Archive for the 'Survival tactics' Category
More agile, less (fr)agile
When my colleague Patrick Goffin wrote his recent (Fr)agile blog post, it sparked some lively discussions here. What was particularly interesting was how our different backgrounds influenced our view of the advantages and disadvantages of agile processes for creating great user experiences.
My perspective comes from managing a number of software products and software development groups through the transition from waterfall to agile approaches. In these roles I created and owned the product concept and was responsible for its realisation in the delivered product. And I found this much easier to do in agile rather than waterfall projects.
Earlier integration and test helps create better user experiences
I have seen several large waterfall projects crash and burn because components were integrated and tested far too late. By the time serious problems were found the release deadline was looming, most of the budget had already been spent and the people needed to resolve the problem had moved to other projects or even left the company.
The imperative on agile projects to "deliver working software frequently" should drive them towards frequent (continuous?) integration and test. So they can catch problems before they grow too big and while they still have the time and resource to do something about them. This also requires some leadership within the agile team to prevent difficult tasks being continually pushed into later iterations.
I found this early integration really valuable in creating a consistent interaction style and visual style across a large product, as components produced in early iterations could act as exemplars for later components. And it is now giving UXers the chance to inject some 'undercover' or 'guerilla' user testing to expose usability and usefulness issues, and get them resolved earlier.
To really drive this home UXers should push to get basic user testing included in their team's 'definition of done' and push to get the challenging user journeys built in early iterations.

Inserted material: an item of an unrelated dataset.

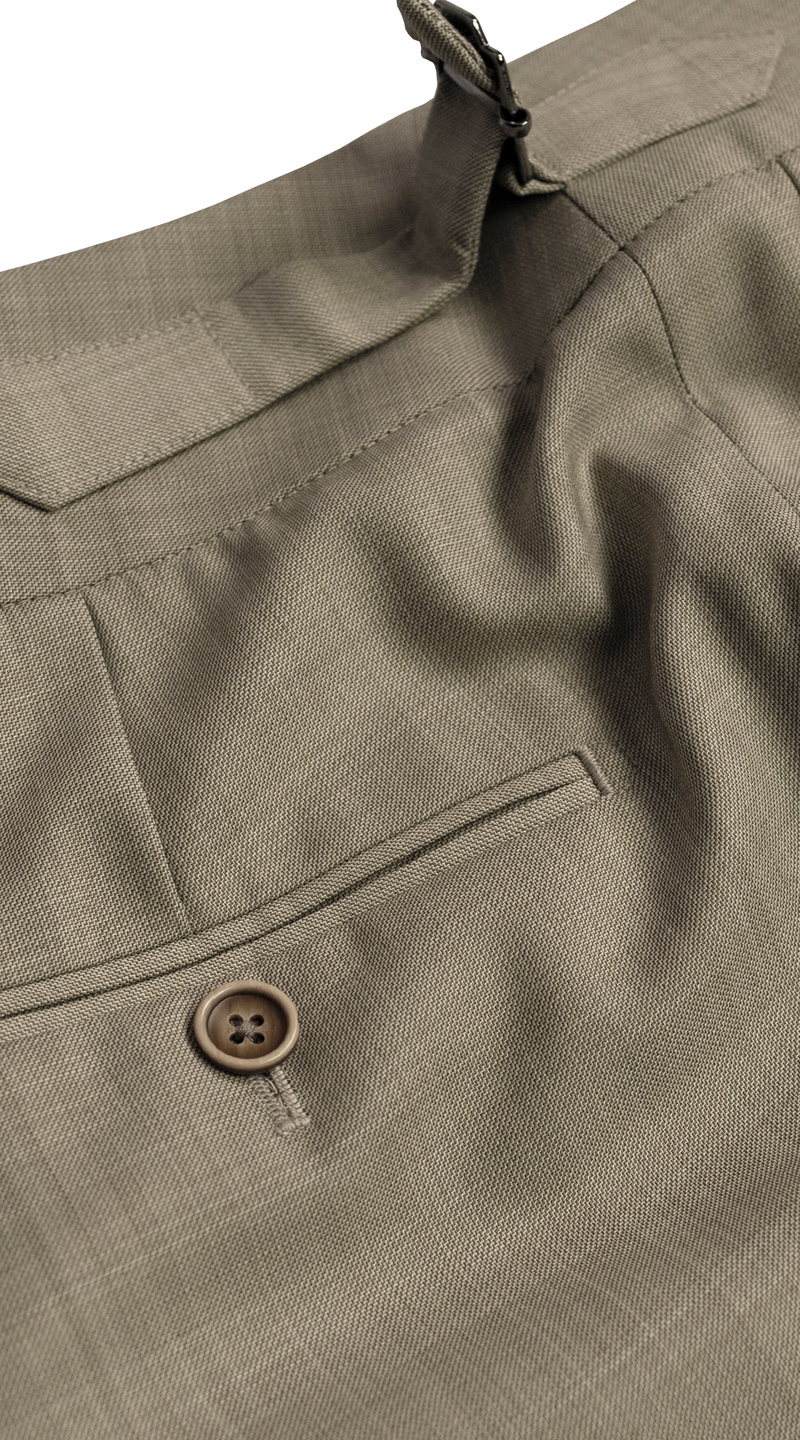 Taupe Beige Wool Suit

Self-contained teams produce better products faster
For me, the second great benefit of an agile approach is having a self-contained team with all the skills needed to create the product and the authority to make its own decisions. This saves so much time and avoids so much frustration.
Many years ago I worked in an organisation that had separate teams of testers, developers, architects, product managers, analysts, writers, etc., with all the delays, whingeing and brick-throwing that you might expect. Bringing all these people together into agile teams has been painful, but ultimately incredibly rewarding. And bringing UX people into the mix is painful, but can bring the same rewards.
The product roadmap provides the big picture
Common complaints about agile are the poor quality of the incoming stories or use cases and the lack of a clear overall vision to tie them all together. In most of my jobs I was lucky enough to be able to maintain a longer-term roadmap for my products. And I saw the benefits this had for projects.
The product roadmap set out a clear vision for each new product or release. What it would provide to the business and to our customers, what it would contain, what design principles would guide it, etc. So when it came to building a new feature, while there was still detailed design work to do, the purpose of the feature was clear and its place in the big picture was clear.
The roadmap also helped to drive through broad improvements to usability, performance, reliability, etc. If all you have is a backlog of functionality-focussed stories, these vital efforts too often get squeezed out.
So UXers should push their way into the product planning process, or push to create one if none exists. This is where you get to do your design research and concept design, and where you get to create the big picture that carries through the project.
Agile does not mean 'no documentation'
The Agile Manifesto states that "we have come to value … Working software over comprehensive documentation." I heartily agree with this. When you are creating a software product or system, documentation is a means to an end. And working software is that end.
But somehow, for some teams, this has been warped into no documentation, no specifications, just code. As well as leading to the lack of a big picture that I described earlier, this also cuts the legs out from under the UXers on the team. As Hannah Donovan has said, "Your super power is that you can visualise things in your head and you can draw them." If we can't draw concepts, service blueprints, storyboards, wireframes, illustrations of design principles, etc., then how do we 'talk' to the rest of the team. Do we just wave our hands? Or try to explain everything in a tweet-sized story?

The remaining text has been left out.